Что же до моих работ, то геометрический характер моих трехмерных скульптур объясняется крайним упрощением формы, а не догмой кубизма. Я вовсе не позаимствовал кубизм, я просто его присоединил».

Произведения Архипенко были замечены в Париже очень скоро. Еще весной 1911 года Гийом Аполлинер, друг и поклонник многих обитателей «Улья», писал в журнале «Л’ Энтранзижан»:

«При первом взгляде новизна и темперамент Архипенко наводят на мысль о заимствованиях у мастеров минувших эпох. И он заимствует все что может, чувствуя, что способен дерзко превзойти предшественников.

…Архипенко вскормлен тем, что есть лучшего в мировом наследии. И привлекательность его работ в том внутреннем строе, который как бы возникает без его усилий и как бы служит костяком этих его странных скульптур, отмеченных небывалой и изысканной элегантностью форм».

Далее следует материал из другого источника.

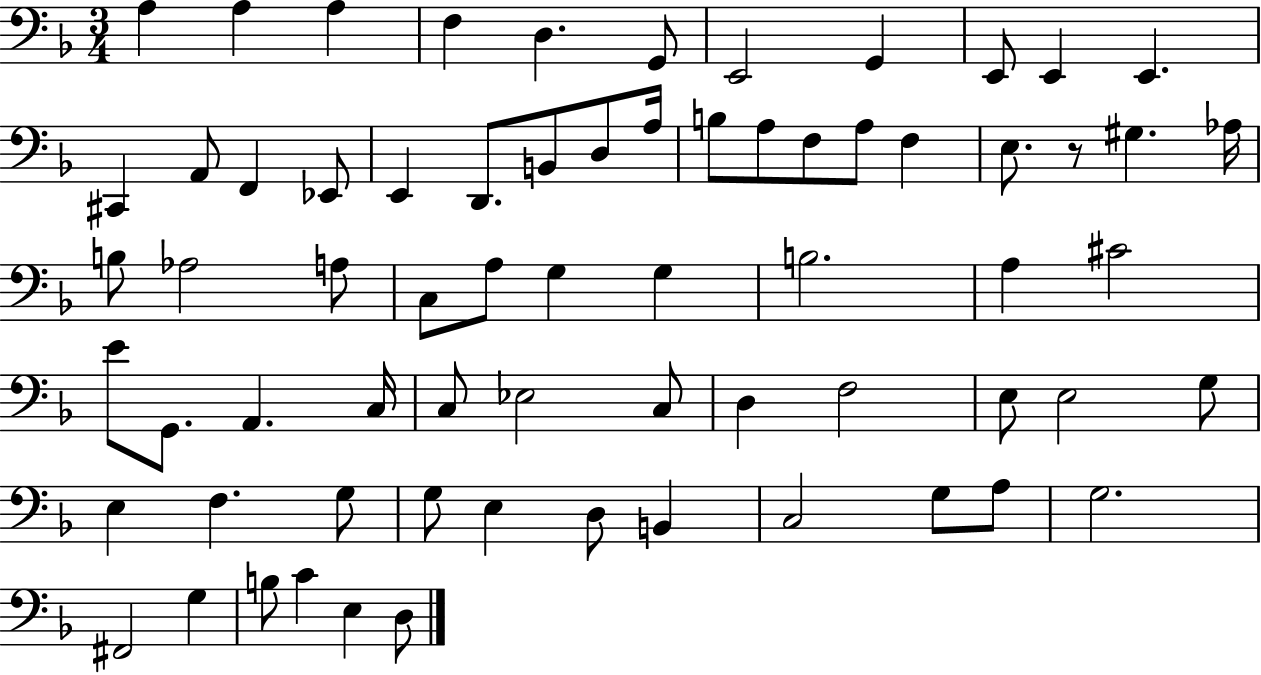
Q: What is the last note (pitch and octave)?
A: D3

Увидев на фотографии в журнале «Парижские вечера» скульптуру Архипенко «Голова», живший в «Улье» поэт Блез Сандрар написал стихотворение «Голова»:

Гильотина – шедевр искусства
Ее удар
Запускает перпетуум-мобиле
Всем известна история с яйцом Колумба,
Что было яйцом неподвижным,
Твореньем изобретателя
Творенье Архипенко и есть первое
Из яйцевидных яиц,
Сохраняющих напряженную неподвижность,
Как волчок вдруг застывший
На самом большом
Разгоне
Он вдруг сбрасывает оболочку
Разноцветных волн излученья
Разных полос цвета
Чтобы уйти вглубь
Обнаженным
Обновленным
И всеохватным

Если стихи покажутся вам непривычными, напомним, что и творения Архипенко тоже были ни на что не похожими. Конечно, после мировой войны за Архипенко пошли (еще дальше пошли) российские братья Габо и Певзнер, англичанин Мур… Но пока на дворе только 1914-й, скульптор греется на солнце и работает в старой доброй Ницце.

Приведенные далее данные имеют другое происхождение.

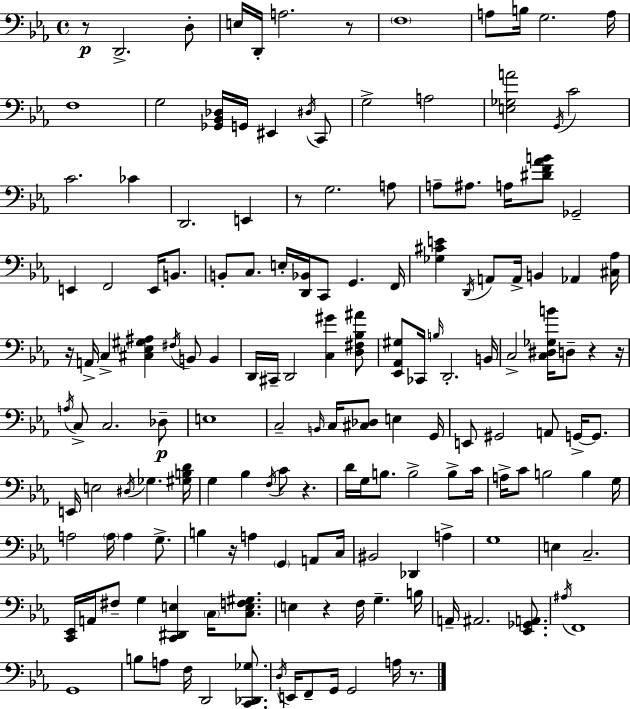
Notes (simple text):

R/e D2/h. D3/e E3/s D2/s A3/h. R/e F3/w A3/e B3/s G3/h. A3/s F3/w G3/h [Gb2,Bb2,Db3]/s G2/s EIS2/q D#3/s C2/e G3/h A3/h [E3,Gb3,A4]/h G2/s C4/h C4/h. CES4/q D2/h. E2/q R/e G3/h. A3/e A3/e A#3/e. A3/s [D#4,F4,Ab4,B4]/e Gb2/h E2/q F2/h E2/s B2/e. B2/e C3/e. E3/s [D2,Bb2]/s C2/e G2/q. F2/s [Gb3,C#4,E4]/q D2/s A2/e A2/s B2/q Ab2/q [C#3,Ab3]/s R/s A2/s C3/q [C#3,Eb3,G#3,A#3]/q F#3/s B2/e B2/q D2/s C#2/s D2/h [C3,G#4]/q [D3,F#3,Bb3,A#4]/e [Eb2,Ab2,G#3]/e CES2/s B3/s D2/h. B2/s C3/h [C3,D#3,Gb3,B4]/s D3/e R/q R/s A3/s C3/e C3/h. Db3/e E3/w C3/h B2/s C3/s [C#3,Db3]/e E3/q G2/s E2/e G#2/h A2/e G2/s G2/e. E2/s E3/h D#3/s Gb3/q. [G#3,B3,D4]/s G3/q Bb3/q F3/s C4/e R/q. D4/s G3/s B3/e. B3/h B3/e C4/s A3/s C4/e B3/h B3/q G3/s A3/h A3/s A3/q G3/e. B3/q R/s A3/q G2/q A2/e C3/s BIS2/h Db2/q A3/q G3/w E3/q C3/h. [C2,Eb2]/s A2/s F#3/e G3/q [C2,D#2,E3]/q C3/s [C3,E3,F3,G#3]/e. E3/q R/q F3/s G3/q. B3/s A2/s A#2/h. [Eb2,Gb2,A2]/e. A#3/s F2/w G2/w B3/e A3/e F3/s D2/h [C2,Db2,Gb3]/e. D3/s E2/s F2/e G2/s G2/h A3/s R/e.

В предвоенные годы работы Архипенко привлекли внимание французской и мировой прессы. Больше всего пищи они давали острякам-карикатуристам из популярных журналов, но и серьезные критики занялись ими. Аполлинер по-прежнему выступал в защиту Архипенко, не уставая полемизировать с популярной прессой:

«Подобно тому, как никакая ретроградная критика не сможет преградить путь лавине новых научных открытий, ни нападки критики, ни ретрограды не смогут повредить новым художественным открытиям. На самом деле, никакая критика вообще не может ни создать, ни уничтожить историческую ценность произведения искусства, ибо история искусства опирается на духовную ценность самого произведения, а никак не на враждебные или хвалебные статьи в журналах».